Book written by Bruce Schneier

Book review by Ben Smith

 

Bottom Line

I don’t recommend this nonfiction book for the Cybersecurity Canon Hall of Fame, but if you are interested in the topic, this is a good one to read.

Review

Any good book editor makes sure there’s a hook somewhere on the front or back cover, designed to draw the would-be reader in, and for this book it’s prominently placed at the top center of the back cover: “How does society function when you can’t trust anyone?” This is not a book you might recognize as your standard cybersecurity fare, but it absolutely pertains to that (our!) world. And the answer to that central question is clearly addressed over the course of this excellent book.

 

Earlier in his career the author, a public-interest technologist, devoted his book-length work primarily towards the field of cryptography. But over the past two decades, he has delivered more than a dozen books appropriate for much wider audiences, addressing security-centric and security-adjacent topics such as connecting computer security and risk management for a business audience, pervasive surveillance enabled by technology, and the risks presented by the myriad ways we are all interconnected with one another, each of which are reviewed elsewhere right here in the Cybersecurity Canon. 

 

And here, the topic is trust. It’s hard enough to find people in your life to trust, especially outside your family - how do we know who to trust? You may have pondered this question yourself, if only indirectly - Dunbar’s number, a concept from the field of primatology, suggests that each of us primates is capable of maintaining relationships up to an average of 150 “known” people in our universe. Beyond that, we’re simply not wired to succeed. And yet, the volume of individuals who comprise our companies, our towns, and our countries easily dwarf that number, and these large collections of individuals somehow still manage to exist as cohesive entities.

 

And so figuring out how to scale trust is essential, especially when we think about the implications for commerce, which cannot succeed without trust. 

 

Every society, or as more broadly defined here, every ecosystem contains parasites. Rule-breakers. Individuals who purposefully ignore established norms.

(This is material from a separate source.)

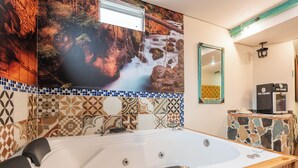 Een badkamer met een ruim bad, een spiegel, een koffieapparaat en een betegelde muur met een natuurdecoratie.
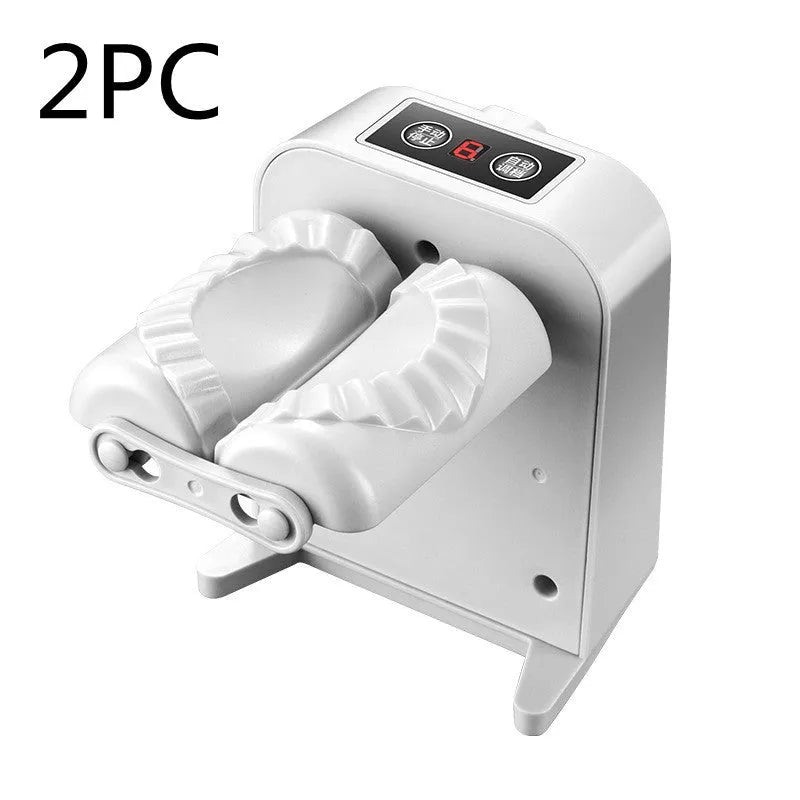 White automatic electric dumpling maker machine with USB cable, brush, and spoon.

These are the actors who pose the greatest threat to trust within an ecosystem, and these “defectors” are the central actors throughout the book. 

 

Defectors are rational beings - they know that there are costs to their actions, and they know there are benefits, which (in their mind) outweigh those costs. It’s why they defect in the first place. The book speaks to controls in place to combat defections, from social norms designed to drive all of us towards cooperation, to penalties and incentives to encourage the “right” behavior.

 

Designing incentives with few side effects is no easy task in a complex system. Why do some companies view fines simply as a cost of doing business? Along the same lines, why do some parents unexpectedly embrace late pickup fees for day-care when they are first introduced? In some cases, purpose-built incentives and natural pressures can even encourage, not discourage, defection. 

 

Defections are not binary, all-or-nothing events; a defector can defect slowly, starting small, as they work their way up to something more recognizable as an action against an established norm. There’s an important lesson here when thinking about your insider threat program - there are almost always clues ahead of a negative insider event, if only you are looking for them.

 

This book samples widely from the fields of social science, psychology, decision science, game theory, and others, including (yes!) security. Beyond the already-mentioned Dunbar’s number, we are also walked through the Prisoner’s Dilemma (how two rational people may not cooperate when they should), the Tragedy of the Commons (placing personal gain over the well-being of society as a whole), the Hawk-Dove game (two people should both yield to avoid conflict, but may not), the Red Queen effect (adapting faster and faster just to survive), the Principal-Agent problem (an asset owner and the asset controller may not be in sync), Prospect Theory (individuals value gains and losses differently), Goodhart’s law (when a measure becomes a target, it ceases to be a good measure) and other models, rules or frameworks that bear directly on the question of how to scale trust.

 

Often, but not always, driven by the rapid pace of technology change, society innovates, and defectors innovate in turn. But don’t jump to the conclusion that defectors must be stamped out and eradicated in order for society to function. In most cases, society accepts a certain amount of defection - to wipe it out completely would both be cost-prohibitive and damaging to the non-defectors (through widespread infringement of rights or other actions). The author goes even further in pointing out that society needs defectors. Defectors often drive innovation. They definitely drive new business models, models which might not have worked fifty, or twenty, or ten years ago, but are now ripe.

 

This is a very well-structured but somewhat dense read - don’t be afraid to pick it up and chew on it a chapter or two at a time. If you are a reader who checks to see how long books are before committing to read them, note that the final ~90 pages (about one-quarter of the book’s length) are devoted to endnotes and additional references.

 

As he closes in on the end of the final chapter of the book, the author quotes the philosopher Sissela Bok: “...trust is a social good to be protected just as much as the air we breathe or the water we drink. When it is damaged, the community as a whole suffers; and when it is destroyed, societies falter and collapse.” A strong closing thought from a strong, relevant and timely book.